Aged 84, he remains proud of the questions he raised in Oxford two decades ago. “What I wanted was to make my mark on the education policy of the country.” In his speech he raised issues that have dominated educational politics ever since: accountability, effectiveness, the curriculum and, most profoundly of all, the relationship between teachers, government, parents and industry.

With hindsight, the speech can be seen as the bridge between one era and the next: with it we passed from the era of consensus to the era of accountability, making it a major landmark in post-war educational history.

The speech was a landmark in another way, too. Before Callaghan, prime ministers did not get involved in education policy, except insofar as it affected government expenditure. Callaghan knew very well he was breaking a taboo. Early in the speech, he remarked: “The Labour movement has always cherished education. . .There is nothing wrong with non-educationalists, even a prime minister, talking about it now and again.”

Now he smiles: “There was surprise and scepticism because it was not usual for prime ministers to discuss these matters.”

The historical significance of this decision should not be underestimated. Ever since, prime ministerial interest in education has grown steadily. Margaret Thatcher, for example, is said to have read the first draft of the English national curriculum over breakfast. John Major often sets his education minister’s agenda and Tony Blair has promised that, if elected, “education, education and education” will be the passion of his government. So why did Callaghan take this momentous step?

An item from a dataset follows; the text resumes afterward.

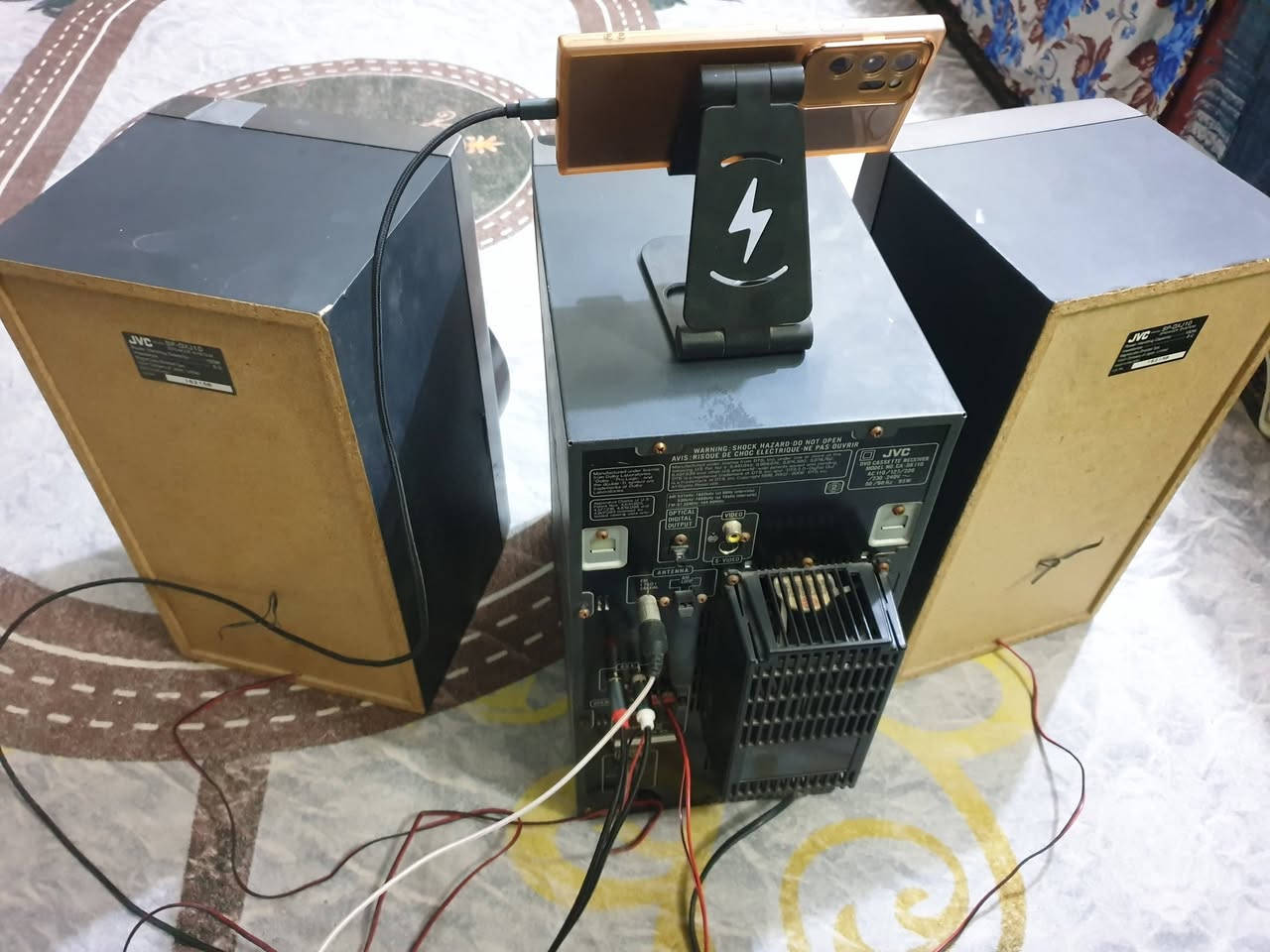 سستم GVC شغال راديو واواكس  كل سماعة ١٠٠ واط موضح بالفديو والصور  السعر ٨٥ الف الحلة مهندسين الاتصال على الخاص او موبايل  ***********  يوجد توصيل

Before I interviewed him, I thought I knew. The iron chronology of 1976 seemed to explain it. On March 16, Harold Wilson announced his decision to step down as prime minister. On April 5, James Callaghan was elected by Labour MPs to succeed him. In July 1976, the Auld Report on the scandalous goings-on at William Tyndale primary school was published, dominating the headlines. At the end of September, Denis Healey announced the deal with the International Monetary Fund which rescued the country from bankruptcy. The Ruskin speech came less than three weeks later.

Set against this background, the speech appears to have been an obvious attempt by the Prime Minister simultaneously to address public concern over Tyndale and shift public attention from the parlous state of the public finances.

I put this to Lord Callaghan and his answer taught me - once again - how easy it is to draw superficial conclusions from an apparently straightforward sequence of events. For him, the explanation of the Ruskin speech lay much further back in his own childhood in Portsmouth.

“My father died when I was nine. . .Because he died as a result of his service in the First War, the Ministry of Pensions agreed to pay six guineas a year for me to attend school, subject to satisfactory progress. . .my report was sent to the ministry every term, where it was solemnly scrutinised and when my progress was not satisfactory. . .they sent a stern letter to my mother threatening to discontinue the six guineas. This caused her great shame and she visited her anxieties upon me, as you can imagine.”

After he had “become rather more sensible” in his mid-teens, he did well at school, but “my formal education was over at the age of 16. . .That would be 1928. It was quite unthinkable that a boy should enter university from that school.”

At that age most of his contemporaries had already been working in the dockyards or the Navy for two or three years. Thanks to the Ministry of Pensions he had been lucky compared to most working-class boys of his time. But compared to others he met later, who had been to university, he had not had a fair deal. “I regretted my own lack of a university education,” he wrote in his autobiography.

“In the ‘30sII felt that I knew I could do things and I saw other people who had had the chance and were doing themIWe, on the other hand, were categorised quite clearlyIit was a form of educational apartheid.”

A determination to open up opportunity was therefore at the heart of his politics from the beginning. “I was reinforced in my view by what I saw in my constituency in the poorest end of CardiffII saw the hidden talent that lay there.”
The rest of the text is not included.